At 02:06 PM 09/09/2000, you wrote:
>Chris
> >This last is true. Natural selection works on variations.
> >If the variations don't occur, selection won't help.
> >But, *are* the variations planned? If
> >so, why are there so many that don't make it?
>
>Hi Chris,
>I must say you seem to have suddenly turned as tame as a pussy cat, and it is
>a pleasure to talk to you. It is my belief that most variations which "don't
>make it" are ones which fail to follow the design and don't allow the
>organism to function.
Chris
When I point out to you that this is circular argumentation, I hope you
will be able to see that it is. You are now starting *from* the premise of
design to argue that the unfit variations are the ones that don't fit the
design. But, then, you cannot rationally use the fact that some variations
are beneficial as evidence of *design*. Using design to evaluate the
evidence is backward. You should (epistemologically speaking) be using the
evidence to evaluate the *design* theory, not using the design theory to
judge what is and what is not evidence. Empirically observable reality
comes first. If *it* provides evidence of design, so be it. Design theory
does *not* come first, so you can't use it to dismiss evidence against it,
as you do above.
>Natural selection had nothing to do with it. I do
>agree natural selection works on minor variations which do not add complexity
>and thus ensures stasis.
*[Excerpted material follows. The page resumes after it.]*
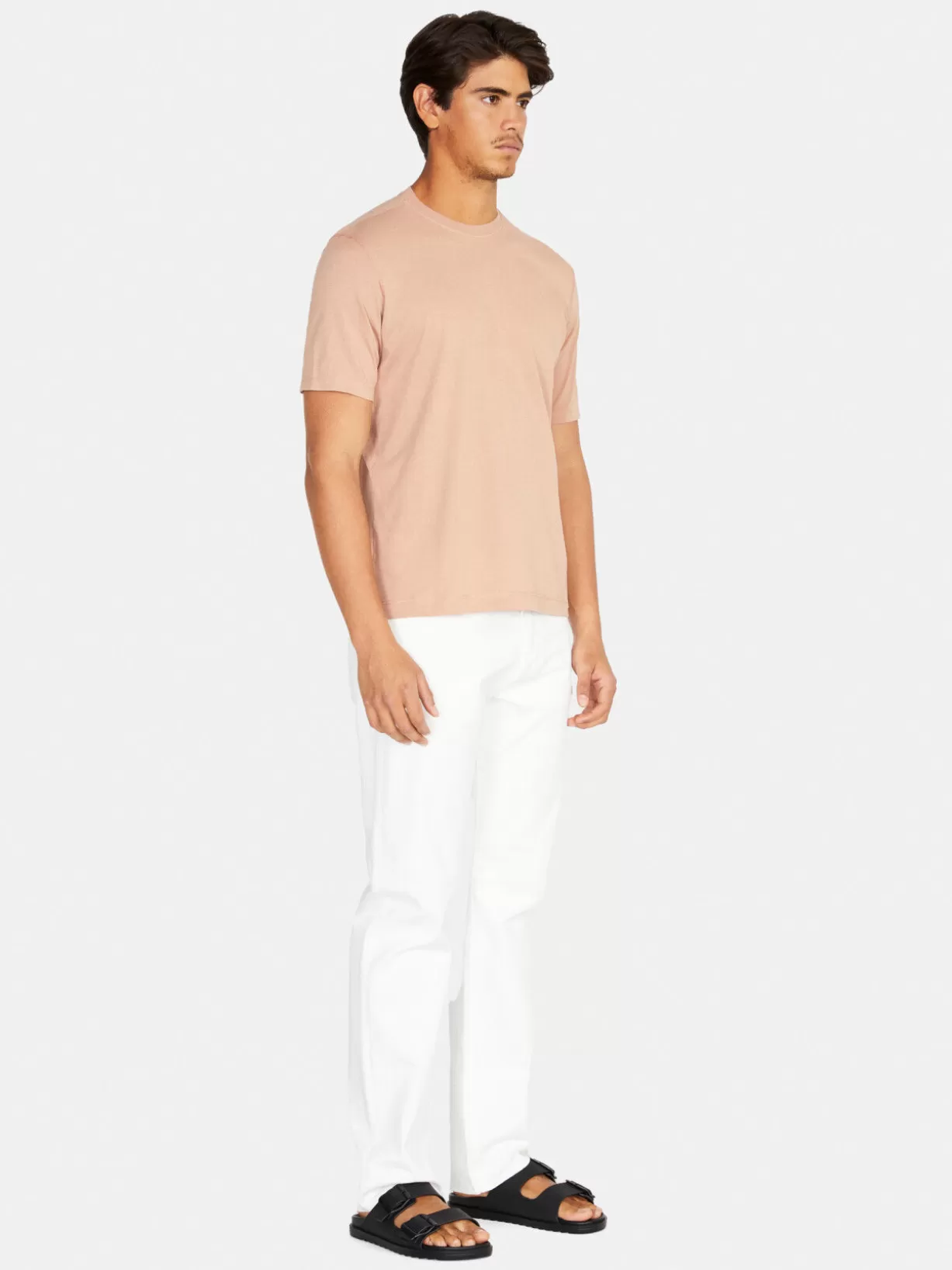 Solid Colored T-Shirt<Sisley Cheap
Perhaps you consider any variation an increase in
>complexity. Am I allowed to disagree on this?
>
>Chris:
> >Why do they have a random distribution?
>
>Bertvan:
>Since those mutations which everyone could agree involved increase in
>complexity are rare,
Chris
I don't think they are. Those that increase functionality may be rare,
though I've just read that it has been shown that most are essentially
neutral in terms of benefit to the organism. I think this may depend on
whether we are talking about organisms that reproduce by DNA recombination
from two (or more) parents. Either way, variations and outright mutations
often increase complexity. Complexity is not measured by orderliness nor by
functionality. It is measured by the number of parts, how they interrelate,
the number of relevant different aspects of the parts, and so on. More
formally, it is measured by the minimum number of bits that would be
required to specify the system involved in a suitable "language." Thus, a
string of a million copies of the letter A is less complex than a string of
a million letters from the Encyclopedia Britannica, because there is no
way, short of a bizarrely arbitrary *method* of specification, to specify
exactly what is in each string in detail (i.e., *not* by saying, "the first
million letters from the Encyclopedia Britannica," etc.).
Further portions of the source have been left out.